I'll point out that any modern version of vim uses mice just fine. It also uses the system clipboard just fine.
The reason most vim users stick with the keyboard is because using a short key combination to select and manipulate text is measurably faster than moving your hand off the keyboard, manipulating a mouse or touchscreen, and then moving it back to continue typing.
> I'll point out that any modern version of vim uses mice just fine. It also uses the system clipboard just fine.
What you see as vim appearing to exploit a mouse and system clipboard is actually Bash and (sometimes) a command-line app (example Konsole) doing so, or equivalent utilities outside vim in a non-GUI level. Those features work with any editor in exactly the same way.
As to using the system clipboard just fine, you can copy text from vim or any other displayed source of text, but you cannot paste it, because it's not vim that's acting, or is in any way aware that text has been copied.
> ... because using a short key combination to select and manipulate text is measurably faster than moving your hand off the keyboard, manipulating a mouse or touchscreen, and then moving it back to continue typing.
Right -- the mouse was foisted on a gullible public willing to suffer a reduction in efficiency in order to have an electronic pet, all against their better interests. And the industry's usually diligent efficiency experts were all bribed to overlook the reduction in efficiency you've just brought to our attention.
... Vim (and plugins) can respond to mouse actions (for example, to open a file tree in NERDTree or Tagbar), so your mouse stuff is pure misinformation.
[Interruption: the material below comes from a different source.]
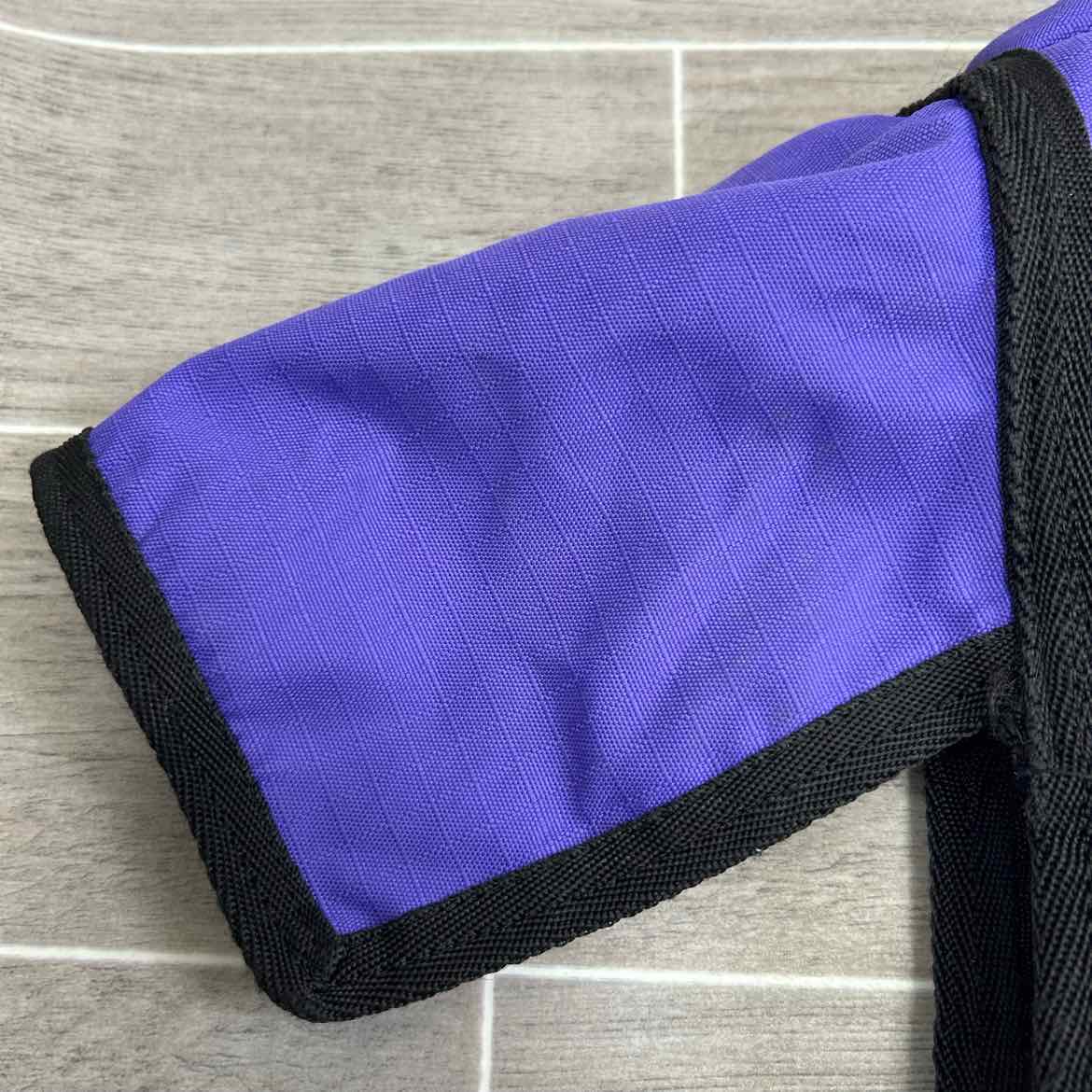 Derby Originals Medium Weight Turnout Blanket 44"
This includes console vim or gui vim.
As for integrating with the system clipboard, that clipboard lives somewhere (X11, OS-X, Windows System), it isn't magic, and vim can integrate with it in various ways dependent on the OS. On windows for example "set clipboard=unnamed" basically makes vim use the system clipboard, period.
> Right -- the mouse was foisted on a gullible public willing to suffer a reduction in efficiency in order to have an electronic pet, all against their better interests. And the industry's usually diligent efficiency experts were all bribed to overlook the reduction in efficiency you've just brought to our attention.
I'm not sure if you're just joking or you're just misinformed.
For text editing, mouse is more inefficient than keystrokes
> For text editing, mouse is more inefficient than keystrokes
Your evidence for that is provided by the fact that the world eagerly adopted the mouse and abandoned vi/vim and similar programs, based solely on the advantages of modern methods.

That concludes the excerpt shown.